Exercise data START

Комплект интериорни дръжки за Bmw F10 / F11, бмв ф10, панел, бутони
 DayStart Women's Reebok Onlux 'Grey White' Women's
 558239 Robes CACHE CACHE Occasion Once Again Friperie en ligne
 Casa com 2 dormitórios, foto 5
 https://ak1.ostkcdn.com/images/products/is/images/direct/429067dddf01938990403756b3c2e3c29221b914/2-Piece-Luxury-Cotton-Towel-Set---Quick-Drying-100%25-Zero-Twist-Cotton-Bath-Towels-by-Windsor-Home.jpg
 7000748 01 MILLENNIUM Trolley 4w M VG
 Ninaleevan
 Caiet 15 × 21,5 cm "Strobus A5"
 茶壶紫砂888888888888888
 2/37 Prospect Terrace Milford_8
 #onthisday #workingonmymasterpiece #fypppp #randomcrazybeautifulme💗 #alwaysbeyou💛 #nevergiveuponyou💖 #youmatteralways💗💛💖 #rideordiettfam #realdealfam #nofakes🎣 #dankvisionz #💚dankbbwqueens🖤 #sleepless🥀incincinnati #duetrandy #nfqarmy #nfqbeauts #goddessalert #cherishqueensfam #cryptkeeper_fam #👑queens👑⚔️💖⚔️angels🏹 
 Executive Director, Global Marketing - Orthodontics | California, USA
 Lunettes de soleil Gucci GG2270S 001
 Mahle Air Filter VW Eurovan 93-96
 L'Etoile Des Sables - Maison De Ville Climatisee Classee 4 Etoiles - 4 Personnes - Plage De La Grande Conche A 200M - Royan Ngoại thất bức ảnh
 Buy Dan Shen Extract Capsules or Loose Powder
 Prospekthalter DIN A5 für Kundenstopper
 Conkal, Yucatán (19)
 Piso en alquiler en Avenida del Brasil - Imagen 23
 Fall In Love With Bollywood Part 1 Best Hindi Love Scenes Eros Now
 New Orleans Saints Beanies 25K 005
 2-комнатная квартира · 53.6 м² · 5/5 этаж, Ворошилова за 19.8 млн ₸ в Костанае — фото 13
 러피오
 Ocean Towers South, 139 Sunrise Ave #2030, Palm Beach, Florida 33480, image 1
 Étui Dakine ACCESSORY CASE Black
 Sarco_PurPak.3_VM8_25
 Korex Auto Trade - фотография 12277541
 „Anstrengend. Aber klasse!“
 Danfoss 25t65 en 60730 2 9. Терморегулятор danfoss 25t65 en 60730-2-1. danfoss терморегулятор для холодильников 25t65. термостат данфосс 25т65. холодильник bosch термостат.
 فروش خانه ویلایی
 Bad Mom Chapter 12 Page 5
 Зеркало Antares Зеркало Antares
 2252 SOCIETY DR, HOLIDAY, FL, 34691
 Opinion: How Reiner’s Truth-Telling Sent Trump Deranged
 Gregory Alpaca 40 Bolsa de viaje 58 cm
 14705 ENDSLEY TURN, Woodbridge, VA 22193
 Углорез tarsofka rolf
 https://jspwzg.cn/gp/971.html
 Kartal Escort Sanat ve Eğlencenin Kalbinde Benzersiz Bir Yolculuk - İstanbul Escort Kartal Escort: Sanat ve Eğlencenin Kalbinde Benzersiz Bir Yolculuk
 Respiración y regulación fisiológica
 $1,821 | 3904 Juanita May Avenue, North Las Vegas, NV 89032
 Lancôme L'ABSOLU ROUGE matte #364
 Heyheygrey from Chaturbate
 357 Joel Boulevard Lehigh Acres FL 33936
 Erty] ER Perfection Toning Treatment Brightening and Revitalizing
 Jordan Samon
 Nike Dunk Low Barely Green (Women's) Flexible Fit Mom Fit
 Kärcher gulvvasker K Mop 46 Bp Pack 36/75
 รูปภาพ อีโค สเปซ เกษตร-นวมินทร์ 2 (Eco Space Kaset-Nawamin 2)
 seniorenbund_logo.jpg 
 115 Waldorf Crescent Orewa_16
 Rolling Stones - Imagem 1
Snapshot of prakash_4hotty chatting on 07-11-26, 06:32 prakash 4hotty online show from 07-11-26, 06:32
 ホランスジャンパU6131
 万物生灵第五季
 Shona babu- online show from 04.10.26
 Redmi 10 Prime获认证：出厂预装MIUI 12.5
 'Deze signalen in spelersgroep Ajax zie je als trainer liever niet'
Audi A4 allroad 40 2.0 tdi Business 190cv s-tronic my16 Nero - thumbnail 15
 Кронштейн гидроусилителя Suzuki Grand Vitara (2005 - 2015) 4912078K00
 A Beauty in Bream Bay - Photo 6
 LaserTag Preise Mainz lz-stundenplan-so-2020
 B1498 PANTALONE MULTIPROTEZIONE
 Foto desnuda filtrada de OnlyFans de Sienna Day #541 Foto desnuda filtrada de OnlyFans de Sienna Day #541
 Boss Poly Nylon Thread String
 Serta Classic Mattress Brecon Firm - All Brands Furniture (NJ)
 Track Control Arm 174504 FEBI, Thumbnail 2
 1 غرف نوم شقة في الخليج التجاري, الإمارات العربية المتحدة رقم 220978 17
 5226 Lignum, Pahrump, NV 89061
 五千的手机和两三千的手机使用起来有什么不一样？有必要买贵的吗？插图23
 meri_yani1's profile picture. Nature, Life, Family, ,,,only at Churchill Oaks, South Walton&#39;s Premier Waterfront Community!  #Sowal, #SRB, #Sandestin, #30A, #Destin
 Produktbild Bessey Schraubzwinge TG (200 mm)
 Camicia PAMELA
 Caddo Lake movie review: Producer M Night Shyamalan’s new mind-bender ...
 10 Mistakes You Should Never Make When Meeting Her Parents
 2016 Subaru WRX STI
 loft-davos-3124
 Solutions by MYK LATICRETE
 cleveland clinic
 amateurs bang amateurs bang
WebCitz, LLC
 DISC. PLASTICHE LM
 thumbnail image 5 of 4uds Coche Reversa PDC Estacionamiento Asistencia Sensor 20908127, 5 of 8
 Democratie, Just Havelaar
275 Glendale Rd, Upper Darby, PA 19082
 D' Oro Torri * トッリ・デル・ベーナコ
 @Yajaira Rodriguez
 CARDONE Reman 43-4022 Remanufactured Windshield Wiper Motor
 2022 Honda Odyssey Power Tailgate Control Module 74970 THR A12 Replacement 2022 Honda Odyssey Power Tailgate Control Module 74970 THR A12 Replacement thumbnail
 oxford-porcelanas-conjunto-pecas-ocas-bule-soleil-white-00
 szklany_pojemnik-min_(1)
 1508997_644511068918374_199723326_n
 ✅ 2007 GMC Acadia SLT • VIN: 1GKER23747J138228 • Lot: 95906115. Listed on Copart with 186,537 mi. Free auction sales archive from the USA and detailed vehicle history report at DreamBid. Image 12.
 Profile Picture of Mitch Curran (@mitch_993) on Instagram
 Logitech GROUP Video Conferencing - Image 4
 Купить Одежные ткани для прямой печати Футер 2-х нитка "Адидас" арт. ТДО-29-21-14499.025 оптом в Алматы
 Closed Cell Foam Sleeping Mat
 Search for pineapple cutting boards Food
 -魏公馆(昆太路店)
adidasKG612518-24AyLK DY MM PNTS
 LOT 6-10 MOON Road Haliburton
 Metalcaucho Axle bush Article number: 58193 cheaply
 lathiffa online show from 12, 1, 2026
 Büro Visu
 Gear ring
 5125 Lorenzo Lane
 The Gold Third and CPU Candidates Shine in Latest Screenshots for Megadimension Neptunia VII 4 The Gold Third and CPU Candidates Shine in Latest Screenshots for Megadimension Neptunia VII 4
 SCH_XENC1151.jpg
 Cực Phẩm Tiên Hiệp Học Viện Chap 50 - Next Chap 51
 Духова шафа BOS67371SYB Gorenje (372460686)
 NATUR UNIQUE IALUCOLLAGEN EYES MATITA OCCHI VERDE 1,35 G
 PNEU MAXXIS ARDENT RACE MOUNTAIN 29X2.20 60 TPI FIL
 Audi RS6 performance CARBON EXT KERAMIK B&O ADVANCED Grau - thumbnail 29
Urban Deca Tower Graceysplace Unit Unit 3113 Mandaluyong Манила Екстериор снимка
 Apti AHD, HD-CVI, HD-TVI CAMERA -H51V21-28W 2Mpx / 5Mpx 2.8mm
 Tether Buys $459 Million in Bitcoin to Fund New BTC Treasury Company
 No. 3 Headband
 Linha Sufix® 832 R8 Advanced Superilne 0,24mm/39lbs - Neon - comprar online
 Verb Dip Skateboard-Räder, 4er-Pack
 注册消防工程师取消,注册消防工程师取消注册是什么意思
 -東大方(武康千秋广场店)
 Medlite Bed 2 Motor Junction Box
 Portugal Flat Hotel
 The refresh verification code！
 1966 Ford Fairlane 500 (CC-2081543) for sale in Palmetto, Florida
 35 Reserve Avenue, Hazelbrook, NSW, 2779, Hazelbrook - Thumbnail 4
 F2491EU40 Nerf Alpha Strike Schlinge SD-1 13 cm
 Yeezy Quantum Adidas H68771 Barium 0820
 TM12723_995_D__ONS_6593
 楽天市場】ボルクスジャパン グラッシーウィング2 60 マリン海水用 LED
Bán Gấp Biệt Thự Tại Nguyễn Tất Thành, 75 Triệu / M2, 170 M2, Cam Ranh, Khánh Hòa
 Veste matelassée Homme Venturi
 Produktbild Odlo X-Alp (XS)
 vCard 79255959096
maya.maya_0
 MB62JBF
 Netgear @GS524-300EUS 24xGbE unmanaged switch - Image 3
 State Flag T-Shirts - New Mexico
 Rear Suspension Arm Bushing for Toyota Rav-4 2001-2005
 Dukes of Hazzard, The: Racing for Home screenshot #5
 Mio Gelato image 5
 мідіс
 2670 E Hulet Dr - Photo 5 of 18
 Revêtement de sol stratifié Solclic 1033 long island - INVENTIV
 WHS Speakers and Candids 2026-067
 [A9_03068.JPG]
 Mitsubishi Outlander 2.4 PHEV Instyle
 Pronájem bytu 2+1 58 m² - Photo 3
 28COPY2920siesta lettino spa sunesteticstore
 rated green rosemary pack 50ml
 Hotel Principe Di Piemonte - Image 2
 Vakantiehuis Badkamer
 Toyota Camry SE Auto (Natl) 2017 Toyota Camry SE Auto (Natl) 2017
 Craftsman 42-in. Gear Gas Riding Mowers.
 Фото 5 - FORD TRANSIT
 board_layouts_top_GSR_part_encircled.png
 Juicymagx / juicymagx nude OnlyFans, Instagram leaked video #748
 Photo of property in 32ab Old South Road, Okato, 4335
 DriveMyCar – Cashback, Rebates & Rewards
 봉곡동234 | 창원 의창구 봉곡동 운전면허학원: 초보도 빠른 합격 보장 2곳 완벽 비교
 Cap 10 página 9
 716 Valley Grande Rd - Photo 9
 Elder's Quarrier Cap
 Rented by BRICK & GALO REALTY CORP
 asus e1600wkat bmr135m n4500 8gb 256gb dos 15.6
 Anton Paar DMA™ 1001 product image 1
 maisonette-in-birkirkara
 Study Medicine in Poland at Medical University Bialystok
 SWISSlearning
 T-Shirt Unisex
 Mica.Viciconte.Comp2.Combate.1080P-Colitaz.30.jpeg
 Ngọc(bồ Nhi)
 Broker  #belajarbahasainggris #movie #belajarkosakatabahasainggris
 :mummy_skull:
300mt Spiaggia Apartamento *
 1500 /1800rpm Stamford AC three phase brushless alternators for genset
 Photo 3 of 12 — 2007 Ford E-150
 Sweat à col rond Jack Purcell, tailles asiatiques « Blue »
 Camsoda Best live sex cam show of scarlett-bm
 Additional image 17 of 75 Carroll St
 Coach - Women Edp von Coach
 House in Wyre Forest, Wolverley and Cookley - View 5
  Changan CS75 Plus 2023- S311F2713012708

Exercise data END

[Instructions for the task]:
Give only the lines from the one holding "Bán Gấp Biệt" through the one holding "2670 E Hulet Dr - Photo 5 of 18", each restated exactly as it appears above.

[Completed exercise]:
Bán Gấp Biệt Thự Tại Nguyễn Tất Thành, 75 Triệu / M2, 170 M2, Cam Ranh, Khánh Hòa
 Veste matelassée Homme Venturi
 Produktbild Odlo X-Alp (XS)
 vCard 79255959096
maya.maya_0
 MB62JBF
 Netgear @GS524-300EUS 24xGbE unmanaged switch - Image 3
 State Flag T-Shirts - New Mexico
 Rear Suspension Arm Bushing for Toyota Rav-4 2001-2005
 Dukes of Hazzard, The: Racing for Home screenshot #5
 Mio Gelato image 5
 мідіс
 2670 E Hulet Dr - Photo 5 of 18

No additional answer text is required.